**Brief:** Reproduce verbatim all of the data given below, but do not carry over the images.

(Brief descriptive captions)
=== Begin Enclosure ===

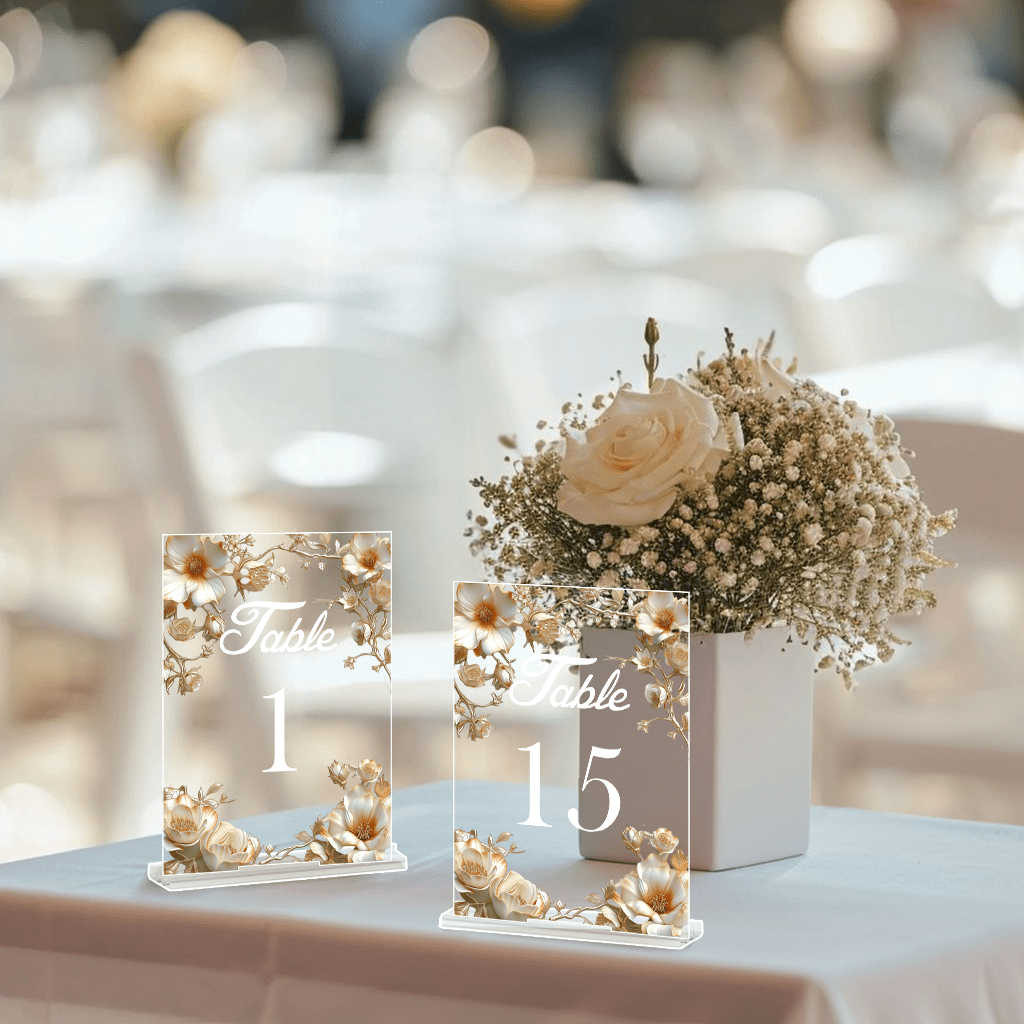 [2D Flat] 20pcs Bohemian Floral Acrylic Tabletop Display Signs, Transparent Place Card Holders with Bases, Multipurpose Elegant Seating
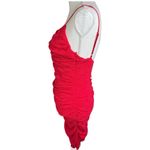 Lena Red Lace Bodycon Dress ruched cocktail party sleeveless sexy Size M Photo 7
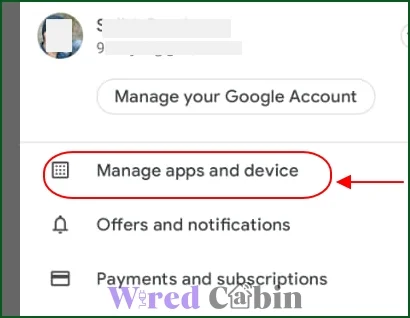 tap on the Manage apps and device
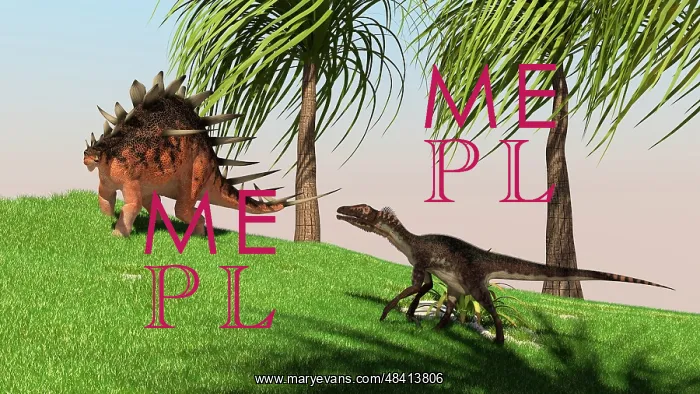 : Confrontation between a Kentrosaurus and a Utahraptor : Confrontation between a Kentrosaurus and a Utahraptor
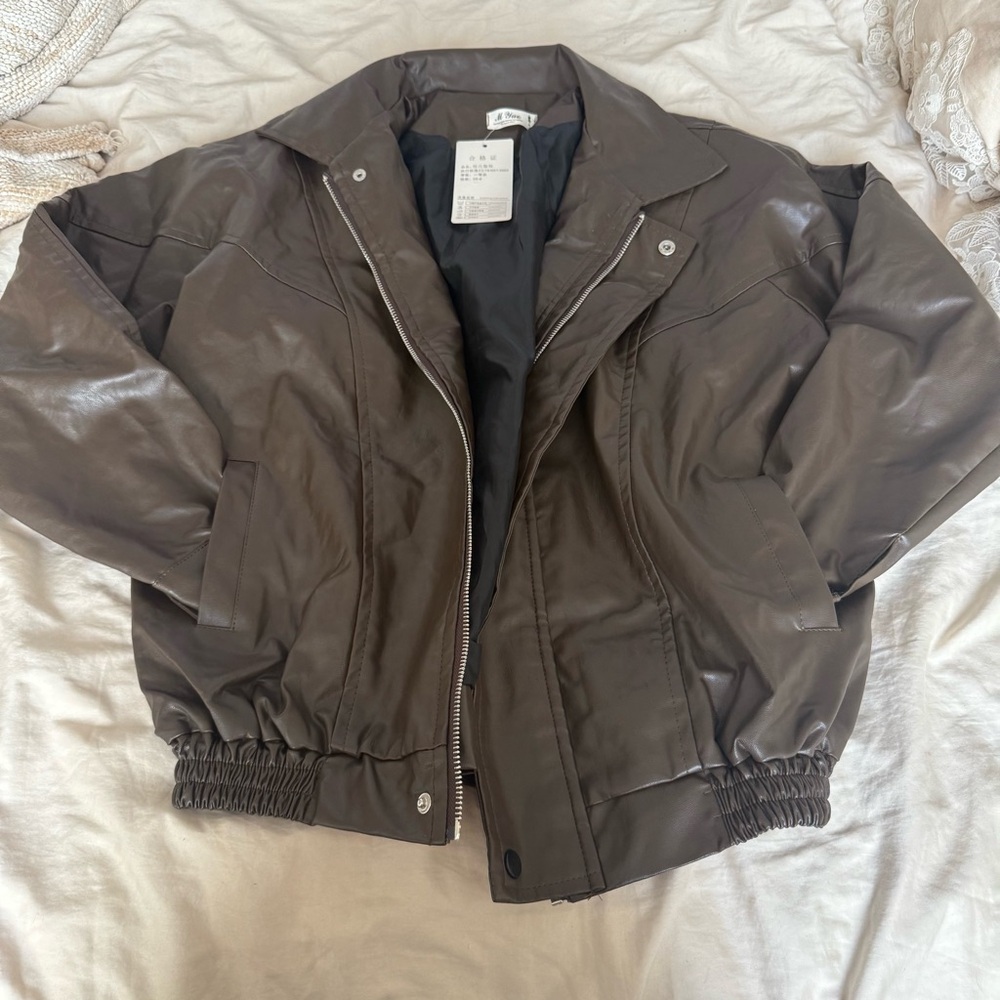 Women’s Brown Faux Leather Jacket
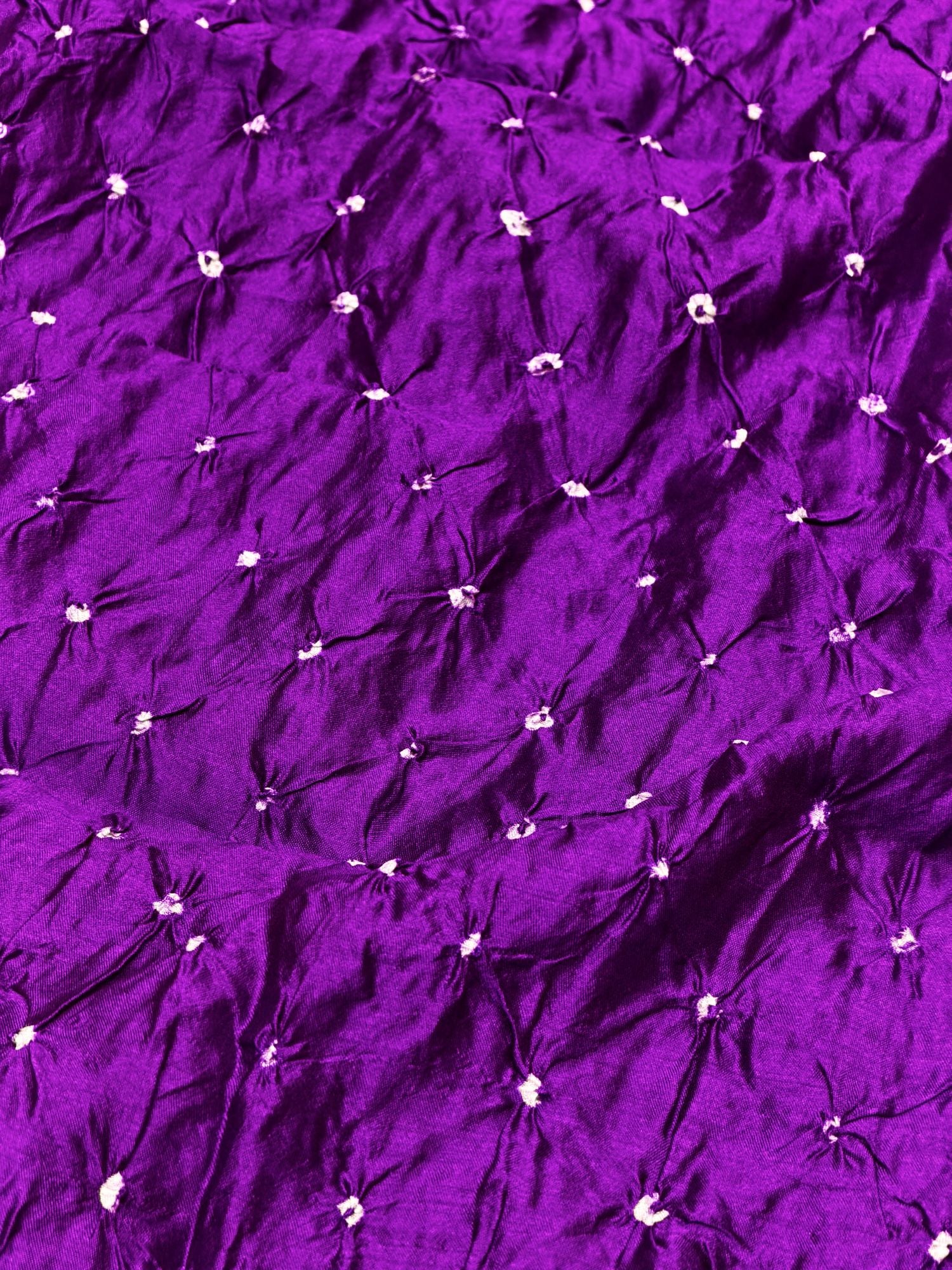 Purple Chiniya Silk Fabric With Bandhani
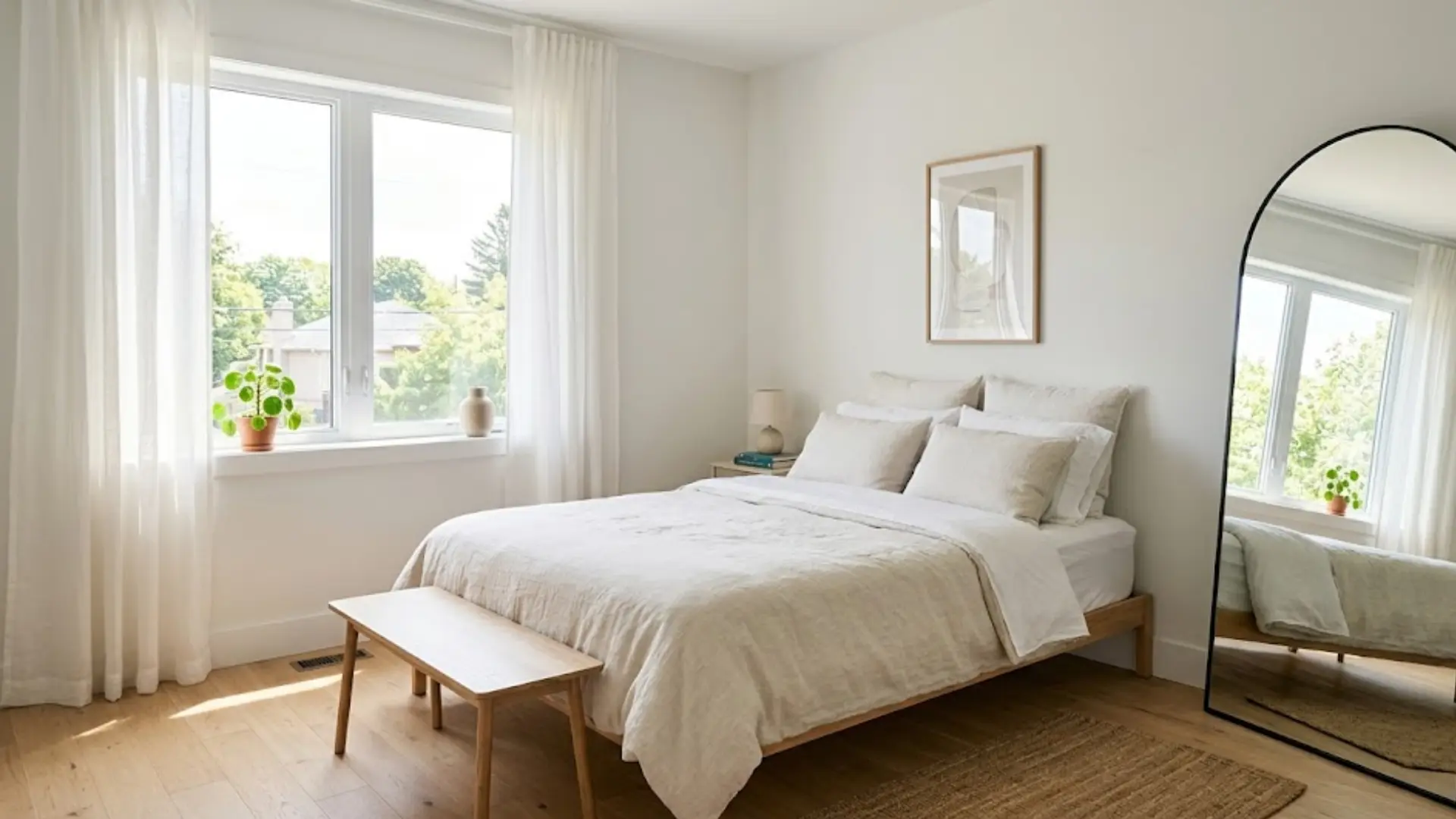 bright, small bedroom with a low-profile bed, light wood floors, and a large arched mirror reflecting light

=== End Enclosure ===

**Exercise response:**
 [2D Flat] 20pcs Bohemian Floral Acrylic Tabletop Display Signs, Transparent Place Card Holders with Bases, Multipurpose Elegant Seating
 Lena Red Lace Bodycon Dress ruched cocktail party sleeveless sexy Size M Photo 7
 tap on the Manage apps and device
 : Confrontation between a Kentrosaurus and a Utahraptor : Confrontation between a Kentrosaurus and a Utahraptor
 Women’s Brown Faux Leather Jacket
 Purple Chiniya Silk Fabric With Bandhani
 bright, small bedroom with a low-profile bed, light wood floors, and a large arched mirror reflecting light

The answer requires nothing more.